The Information Technology-Business Processing Management (IT-BPM) sector is in need of 1.19 million new employees for this year alone, according to the Department of Labor and Employment (DOLE).
DOLE Secretary Rosalinda Baldoz herself has strongly urged graduating students and other first-time job seekers, including low- and semi-skilled returnee-OFWs (overseas Filipino workers), to join the IT-BPM sector.
She cited average pay in the sector that is higher than entry-level wages and experience that the prospective employees would gain and chance to plan their careers.
Alan Tanjusay, spokesman for the Trade Union Congress of the Philippines (TUCP) and advocacy officer of the Associated Labor Unions (ALU), welcomed the Labor chief’s “good news.”
“I hope it will become reality, not just jobs, but regular and permanent jobs that respect rightful wages,” he said.
Jose Sonny Matula, president of the Federation of Free Workers (FFW), said what Baldoz has announced was “great” news.
The FFW, he added, is hoping that the 1.19 million jobs will “truly happen.”
This employment opportunity belies assertion of some labor organizations that there are no jobs waiting for new graduates, Baldoz said.
Tanjusay said studies showed that job-skill mismatch is always the problem of fresh graduates who hunt for jobs right after graduation.
“Some say there are no jobs in the country. Wrong. In the IT-BPM sector alone, industry players target 1.19 million direct employment this year.
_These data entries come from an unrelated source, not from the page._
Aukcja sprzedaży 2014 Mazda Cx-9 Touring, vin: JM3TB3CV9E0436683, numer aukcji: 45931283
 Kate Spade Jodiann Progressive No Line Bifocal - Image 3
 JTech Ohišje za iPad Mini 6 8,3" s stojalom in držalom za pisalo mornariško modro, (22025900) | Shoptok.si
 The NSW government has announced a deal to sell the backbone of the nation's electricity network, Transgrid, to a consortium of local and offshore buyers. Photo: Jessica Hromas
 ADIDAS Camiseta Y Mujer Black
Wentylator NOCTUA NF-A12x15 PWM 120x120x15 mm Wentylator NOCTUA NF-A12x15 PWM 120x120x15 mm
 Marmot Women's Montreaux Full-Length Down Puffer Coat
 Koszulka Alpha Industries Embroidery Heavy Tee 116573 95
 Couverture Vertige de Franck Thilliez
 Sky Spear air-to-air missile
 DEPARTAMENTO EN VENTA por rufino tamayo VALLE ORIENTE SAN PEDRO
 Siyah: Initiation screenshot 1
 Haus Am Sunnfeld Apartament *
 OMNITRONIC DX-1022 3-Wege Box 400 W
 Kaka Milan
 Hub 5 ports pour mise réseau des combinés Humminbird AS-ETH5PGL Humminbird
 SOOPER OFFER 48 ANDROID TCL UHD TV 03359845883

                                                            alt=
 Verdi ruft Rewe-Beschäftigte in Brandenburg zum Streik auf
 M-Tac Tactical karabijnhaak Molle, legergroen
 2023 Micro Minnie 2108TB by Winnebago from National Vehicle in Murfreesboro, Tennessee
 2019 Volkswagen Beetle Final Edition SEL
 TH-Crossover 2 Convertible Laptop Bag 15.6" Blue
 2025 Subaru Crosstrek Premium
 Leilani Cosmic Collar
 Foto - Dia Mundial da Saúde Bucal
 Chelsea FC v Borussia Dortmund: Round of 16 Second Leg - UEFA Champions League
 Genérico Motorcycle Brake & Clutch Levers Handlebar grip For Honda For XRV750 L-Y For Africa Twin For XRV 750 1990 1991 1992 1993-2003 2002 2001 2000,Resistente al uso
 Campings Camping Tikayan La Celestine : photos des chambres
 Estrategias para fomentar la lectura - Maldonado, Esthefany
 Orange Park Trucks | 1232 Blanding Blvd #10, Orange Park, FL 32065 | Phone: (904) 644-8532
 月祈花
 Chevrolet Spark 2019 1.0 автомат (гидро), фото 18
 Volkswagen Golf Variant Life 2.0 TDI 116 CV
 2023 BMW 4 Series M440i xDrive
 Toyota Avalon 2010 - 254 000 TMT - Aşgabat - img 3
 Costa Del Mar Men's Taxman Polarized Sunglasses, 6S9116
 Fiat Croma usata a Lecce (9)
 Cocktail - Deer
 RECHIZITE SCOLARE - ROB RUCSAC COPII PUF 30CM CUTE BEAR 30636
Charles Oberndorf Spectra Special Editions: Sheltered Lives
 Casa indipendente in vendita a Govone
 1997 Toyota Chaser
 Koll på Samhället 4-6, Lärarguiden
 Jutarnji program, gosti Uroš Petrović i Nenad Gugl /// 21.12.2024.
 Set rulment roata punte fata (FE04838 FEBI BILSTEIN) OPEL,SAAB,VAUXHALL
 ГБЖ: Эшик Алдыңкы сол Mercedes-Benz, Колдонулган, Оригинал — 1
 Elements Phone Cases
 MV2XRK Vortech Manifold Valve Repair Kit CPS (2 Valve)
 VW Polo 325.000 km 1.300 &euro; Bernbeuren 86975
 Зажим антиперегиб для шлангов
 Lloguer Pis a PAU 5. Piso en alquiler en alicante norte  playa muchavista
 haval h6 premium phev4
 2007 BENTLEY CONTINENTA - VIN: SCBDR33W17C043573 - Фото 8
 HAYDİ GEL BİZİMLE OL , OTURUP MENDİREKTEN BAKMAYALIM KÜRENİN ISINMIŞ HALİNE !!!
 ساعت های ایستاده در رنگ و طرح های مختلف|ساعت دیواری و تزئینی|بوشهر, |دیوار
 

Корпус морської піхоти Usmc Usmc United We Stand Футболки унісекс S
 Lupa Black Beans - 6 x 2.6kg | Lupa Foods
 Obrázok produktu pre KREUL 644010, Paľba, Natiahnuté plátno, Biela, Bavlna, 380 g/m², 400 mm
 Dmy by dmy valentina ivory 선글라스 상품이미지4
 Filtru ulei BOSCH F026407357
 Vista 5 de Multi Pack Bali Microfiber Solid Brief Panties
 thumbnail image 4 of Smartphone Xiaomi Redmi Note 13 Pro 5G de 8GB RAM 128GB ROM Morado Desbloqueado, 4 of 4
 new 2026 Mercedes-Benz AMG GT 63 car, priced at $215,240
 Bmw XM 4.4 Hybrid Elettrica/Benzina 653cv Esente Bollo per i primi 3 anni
The sector is very well poised to meet this target at the rate IT-BPM is growing, which is faster than the national economy’s growth rate,” Baldoz said.
According to her, the IT-BPM’s call center sub-sector alone anticipates about 225,000 employment this year, while the health outsourcing sub-sector is looking for about 100,000 workers to be hired in 2016.
The IT-IBM sector, she said, is “consistently identified as one of the country’s key employment generators (KEGs).”
“The IT-BPM sector is also recognized worldwide, not just for its ability to create and provide jobs, but more so for enabling government, other businesses and institutions to achieve higher productivity and competitiveness on a sustained basis,” Baldoz added.
Positions that are commonly offered in the IT-BPM sector are those for call centers, global in-house centers (GICs), IT outsourcing, healthcare outsourcing and creative outsourcing.
Positions in the call centers would be about IT help desks, technical support, financial services, healthcare support, sales, customer services, account receivables, online auction, direct response, taxi dispatch, employees/HR help desks and media entertainment.
For these positions, applicants must have multilingual skills: US English, Spanish, ANZ/UK English, Mandarin, Filipino, French, Japanese, Korean, Bahasa Malaya, Thai, Bahasa Indonesia, Singapore English and German.
They must also have basic/functional skills: learning ability (verbal and numerical), English proficiency, perceptual speed and accuracy, problem- solving skills and computer literacy.
The GICs need applicants for customer services, banking and finance, Information Technology support, human relations, customer services, healthcare, marketing and sales, analytics, underwriting, actuarial, KPO, logistics, in-bound hotel reservation, procurement, accounts payable, back office and property services.